THE ROBERT ALTMAN FILES: COME BACK TO THE 5 & DIME JIMMY DEAN, JIMMY DEAN (1982)

With cinematographer Pierre Mingot’s camera crawling across the dusty and crowded aisles of the shabby Woolworth’s five-and-dime aided by nothing but the sound of the hot Texas wind blowing in the background, the stillness is shocking and the silence is deafening. After the assaultive soundtracks and busy tableaux of Robert Altman’s body of work from 1970 through 1980, this seems downright pastoral; retrograde, in fact. For this quiet solemnity is the brief calm before the kickoff of the 20th anniversary reunion for the Disciples of James Dean, a small gaggle of friends who once wore matching sweaters, dreamed of being in a singing group like the McGuire Sisters, and worshiped at the alter of James Dean while sweating out life in McCarthy, Texas during the early fifties.

Set on September 30th, 1975, the 20th anniversary of the death of James Dean, Come Back to the 5 & Dime Jimmy Dean, Jimmy Dean tracks the sad, lonely, and scarred lives of those for whom the Woolworth was once the nexus of their universe; a place you could get an orange Crush and read Photoplay magazine while waiting for your friends to get off work. And in 1975, time has not been kind to the Woolworth, itself slowly beginning to feel the pressure as regional retailers like TG&Y, Target, and Wal-Mart began to slowly creep across the map all the while watching smaller stores burn out and die as their host towns did the same.

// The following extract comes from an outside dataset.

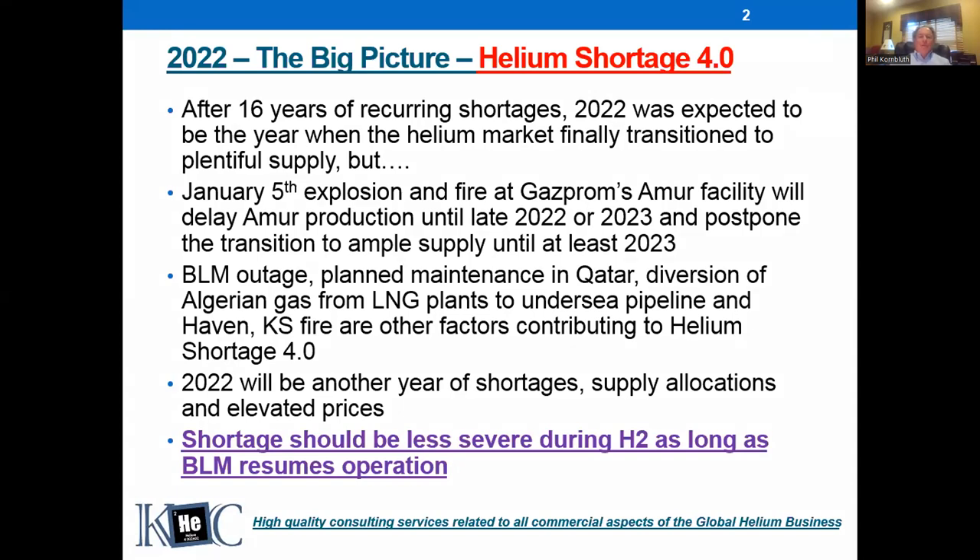We've had 16 years of cycles — two years of short supply, then a couple years of good supply, then three years of short supply, that sort of effect. This year, we were expecting things to get better. Gazprom is building a huge facility in Siberia — a large natural gas processing plant called the Amur project. That plant will produce helium as a byproduct, and at full capacity it would add about one third to the world's helium supply. It was supposed to start up late last year, and it did briefly start up in September and ran for a few weeks.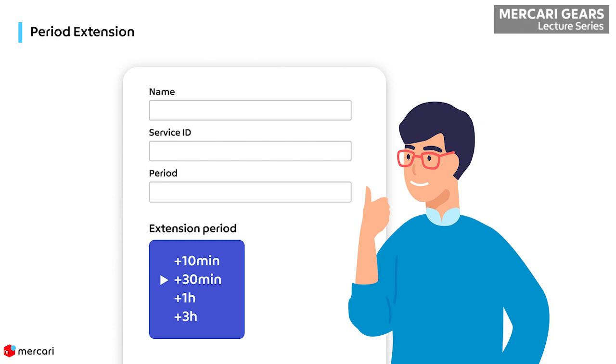We want users to only have write permissions for as long as they need, so this prevents them from having perpetual write access like before the migration.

The McCarthy Woolworth is situated not sixty miles from Marfa where, in 1955, director George Stevens and company travelled to film portions of Giant, a film that would prove to be James Dean’s last. This proves to be a crucial point in time in the lives of those at the Woolworth, most especially high-strung Dean fanatic, Mona (Sandy Dennis), and Joe (Mark Patton), her co-worker and friend whose homosexuality is becoming a point of rancorous contention in the conservative town. A day-trip to Marfa in the hopes to be extras in the film leads to a secret that will be revealed twenty years later in the course of the reunion just as everyone else in the store’s purview will see their lives peeled back and exposed.

It’s perhaps no accident that 1982 marked the 25th anniversary of the release of The Delinquents and The James Dean Story, Robert Altman’s first two films that were bathed in the ghost of Dean and his legacy. For 5 & Dime, Altman’s adaptation of Ed Graczyk’s stage play, is a film about, among a lot of things, a gulf of time, starting over, and reassessment; a mirror of disillusionment and reconciling the past with the present. After the death of HealtH and the perceived folly of Popeye, Altman was on the other side of the Hollywood gates, reconfiguring his strategy and finding new energy for the march through the wilderness ahead.

In 5 & Dime, Robert Altman gets to start the 80’s off with a big “fuck you” to the type of salt of the earth community that was so lionized in the ascension of Reagan’s America. Steeped in religious hypocrisy and homophobia, the town of McCarthy deserves to shrivel up and die on the vine. We see that this isn’t a town where the righteous and the upstanding live, but, instead, its a lifeless husk inhabited by the sad denizens of a religious culture that has proved ruinous. We never see anything of McCarthy outside the store but we really don’t need to, mostly because movies like Peter Bogdanovich’s The Last Picture Show exist and it’s a well-traveled landscape. This is a town in which the skating rink closed in 1965. You really only need to understand that.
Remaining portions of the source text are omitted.